Any picture must be dropped, but each line of the data should be duplicated exactly.

Data extracted from a collection:

---

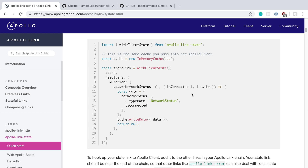Some specific things I don't like: first, having to add type names to object types when storing data feels off. And reading from and writing to the cache feels a little clunky with Apollo Link State. I've done a few videos on it and tried to get used to it, but it never became intuitive. Writing resolvers for things feels very boilerplate-ish, and updating the cache directly felt really weird as well.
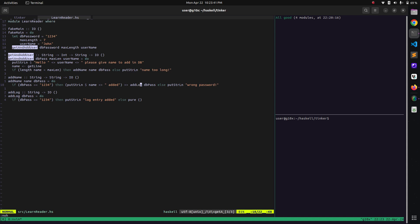We are passing the db_password again to another function called 'addLog' - sort of like making an entry in the log table. We take the password, print that yes the entry has been added. Let's try running it.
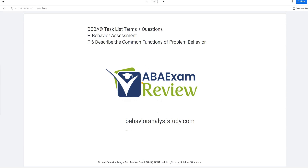Welcome back to ABA exam review and the continuation of our 5th edition BCBA task list series with F6 functions of problem behavior. Functions are probably the first thing you ever learned as either a technician or an ABA therapist, outside of maybe reinforcement and punishment. But we don't want to skip anything — you need to know the whole task list and be fluent in it. So although this is a very easy portion, still review it and maintain this knowledge. Make sure to like and subscribe, check out behavioranalyststudy.com for all of our study materials, and let's get going.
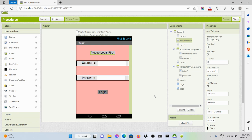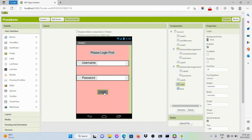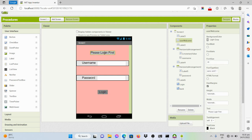Good day everyone. In this video, I will be demonstrating how to create a procedure in a program using MIT App Inventor. For this example, I have a simple program wherein the user will be able to input his or her username and password. I have a login button wherein if the user clicks it, the text in this label will be changed into 'Welcome' plus the username input and an exclamation point.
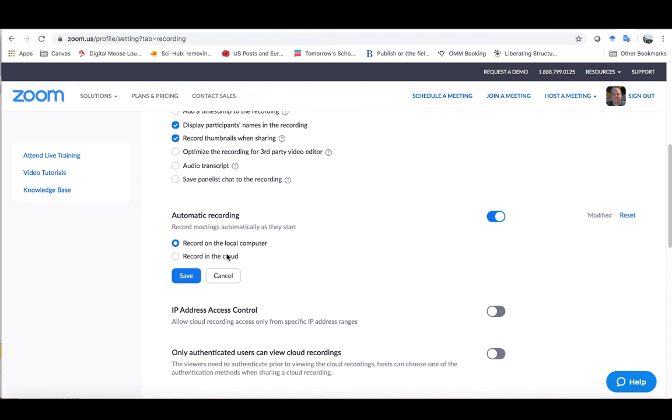If you record on the cloud, in many cases you won't actually get your recording because once it has reached its storage limit it just stops recording. Whereas if you're recording to the local computer, it records to a file and then downloads that file directly to your computer.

---

Answer box:
Some specific things I don't like: first, having to add type names to object types when storing data feels off. And reading from and writing to the cache feels a little clunky with Apollo Link State. I've done a few videos on it and tried to get used to it, but it never became intuitive. Writing resolvers for things feels very boilerplate-ish, and updating the cache directly felt really weird as well.
We are passing the db_password again to another function called 'addLog' - sort of like making an entry in the log table. We take the password, print that yes the entry has been added. Let's try running it.
Welcome back to ABA exam review and the continuation of our 5th edition BCBA task list series with F6 functions of problem behavior. Functions are probably the first thing you ever learned as either a technician or an ABA therapist, outside of maybe reinforcement and punishment. But we don't want to skip anything — you need to know the whole task list and be fluent in it. So although this is a very easy portion, still review it and maintain this knowledge. Make sure to like and subscribe, check out behavioranalyststudy.com for all of our study materials, and let's get going.
Good day everyone. In this video, I will be demonstrating how to create a procedure in a program using MIT App Inventor. For this example, I have a simple program wherein the user will be able to input his or her username and password. I have a login button wherein if the user clicks it, the text in this label will be changed into 'Welcome' plus the username input and an exclamation point.
If you record on the cloud, in many cases you won't actually get your recording because once it has reached its storage limit it just stops recording. Whereas if you're recording to the local computer, it records to a file and then downloads that file directly to your computer.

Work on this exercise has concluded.